ELISE HU, HOST:
The war in ISIS in Iraq and Syria is one that for the U.S. is mainly an air war. Officials say it's a very precise air war. But a recent investigation for The New York Times magazine finds it's not as precise as officials say. The report finds that 1 in 5 coalition airstrikes on ISIS targets in Iraq resulted in civilian deaths. That rate is 31 times higher than what the U.S. has acknowledged.
KELLY MCEVERS, HOST:
Azmat Khan and her colleague Anand Gopal spent 18 months investigating this, going door to door in the Iraqi city of Mosul. And they found that while some of the civilian deaths were because of a proximity to a legitimate ISIS target, many others appear to be the result of flawed or outdated intelligence. And the military is not keeping accurate logs of its actions. Azmat Khan told me about one Iraqi man named Basim Razzo and what happened to him on a night in 2015.
AZMAT KHAN: Basim wakes up in the middle of the night at around 1:45 a.m. in his house. And he realizes his bed is snapped in two. He feels this incredible pain. He can taste blood in his mouth. And he looks up, and he sees the stars over Mosul. He calls for his wife, and he calls for his daughter. And he doesn't get an answer.
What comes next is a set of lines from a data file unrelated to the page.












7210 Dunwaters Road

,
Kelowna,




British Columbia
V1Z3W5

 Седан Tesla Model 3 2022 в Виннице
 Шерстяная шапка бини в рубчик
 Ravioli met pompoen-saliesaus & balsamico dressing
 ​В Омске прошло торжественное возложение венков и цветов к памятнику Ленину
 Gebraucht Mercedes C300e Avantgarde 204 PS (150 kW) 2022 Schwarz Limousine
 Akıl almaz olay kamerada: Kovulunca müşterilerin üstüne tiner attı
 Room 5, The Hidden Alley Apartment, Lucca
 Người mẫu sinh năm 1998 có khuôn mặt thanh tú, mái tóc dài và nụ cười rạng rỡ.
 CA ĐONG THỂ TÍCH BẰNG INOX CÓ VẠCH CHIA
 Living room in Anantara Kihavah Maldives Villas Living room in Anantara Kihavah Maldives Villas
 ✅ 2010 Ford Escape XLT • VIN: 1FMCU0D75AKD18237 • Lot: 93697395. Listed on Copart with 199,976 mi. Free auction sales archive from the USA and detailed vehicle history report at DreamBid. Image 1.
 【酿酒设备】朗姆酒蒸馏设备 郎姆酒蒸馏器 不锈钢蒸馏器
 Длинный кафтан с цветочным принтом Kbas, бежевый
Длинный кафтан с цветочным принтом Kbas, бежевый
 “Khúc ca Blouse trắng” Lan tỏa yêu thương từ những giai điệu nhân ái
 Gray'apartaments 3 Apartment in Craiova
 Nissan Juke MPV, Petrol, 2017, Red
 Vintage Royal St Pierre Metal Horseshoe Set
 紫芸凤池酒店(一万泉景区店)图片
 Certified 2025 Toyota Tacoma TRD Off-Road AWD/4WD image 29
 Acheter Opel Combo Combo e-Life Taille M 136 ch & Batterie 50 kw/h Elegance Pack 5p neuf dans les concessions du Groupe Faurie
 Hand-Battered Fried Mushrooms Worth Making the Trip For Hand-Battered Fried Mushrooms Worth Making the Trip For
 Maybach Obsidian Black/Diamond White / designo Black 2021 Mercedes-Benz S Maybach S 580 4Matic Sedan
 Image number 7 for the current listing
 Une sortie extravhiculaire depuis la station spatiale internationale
And he learns that his wife, Mayada, his daughter, Tuqa, his brother, Mohannad, and his nephew, Najib, have all been killed in an airstrike.
And not long after he leaves the hospital, a video is uploaded to the U.S.-led coalition's YouTube channel showing two airstrikes hitting two homes. And the video dubs this an ISIS VBIED facility, a car bomb factory. So Basim, who sees this video, later immediately recognizes these two homes as his and his brother's.
MCEVERS: And did the U.S. coalition count Basim's family as civilians - people who'd been killed as civilians?
KHAN: Not for a year and a half, and they very likely would not have counted them as civilians had we not pushed his case. He and his family members, the four members who died, were tallied as ISIS.
MCEVERS: You actually got a copy of the coalition's internal probe of this strike on Basim's home and his brother's home. What did it say?
KHAN: The main thing to know is that this report details, you know, what went on after they'd received this intelligence. They'd vetted it through different authorities. And then they surveilled the houses with an hour and 35 minutes of footage. And in the footage, they noticed that there were no women or children. And this footage was shot in 15-minute increments, usually in the afternoon.
And it's incredibly hot in Mosul, so a lot of people are not outside. You know, they noticed that there was a gate that sometimes men opened in order to bring a car in. And even though the report noted there was nothing out of the ordinary, they noted that ISIS doesn't obviously brandish weapons. So none of this made it appear to them that it conflicted with their intelligence.
MCEVERS: How many other people are there like Basim that you documented, people who had lost relatives, who are not classified as civilians?
KHAN: So in the 103 airstrikes that we found, there were 75 civilian deaths and none of them that - by any accounts we could tell matched with numbers that had been acknowledged by the coalition.
MCEVERS: Of those 75, how many had been reported as civilian deaths by the coalition?
KHAN: Zero.
MCEVERS: What does this tell us about, you know, the intelligence gathering abilities of this U.S.-led coalition?
KHAN: Right. It tells us that you can have the most precise munitions. You can have the most precise weaponry in the history of warfare. But if your intelligence is wrong and you have the wrong target, it doesn't matter. You can still kill civilians. It appears that intelligence problems - we found them over and over - are incredibly important and that in order to prevent them from happening again, the military needs to know they're happening. And this is when questions of how they investigate really come into play and to what extent they're on the ground figuring these things out because how else would you know unless you get that ground truth?
MCEVERS: So in the case of Basim, was his case investigated, and what were the conclusions?
KHAN: Well, it's very fascinating because Basim tried himself to report this case on multiple occasions.
MCEVERS: Right.
KHAN: And he even had a cousin who was a professor at Yale who had written an op-ed in The New York Times about this airstrike. Basim is somebody who speaks fluent English. He lived in the United States for years. He has access to email. He could document his case really, really well with GPS coordinates. There was a video of the airstrike.
So here's somebody who's really acting in the best-case scenario. And in his case, it took him a year and a half to get the coalition to admit that these were civilians publicly. It took him a year and a half to do that. So what chance do these Iraqis who are much poorer, who don't speak English, who don't have access to these resources, who don't necessarily meet a Western...
MCEVERS: Right - have cousin at Yale University.
KHAN: Exactly. What chance do they have?
MCEVERS: Yeah. Azmat Khan, thank you so much.
KHAN: Thank you, Kelly - appreciate it.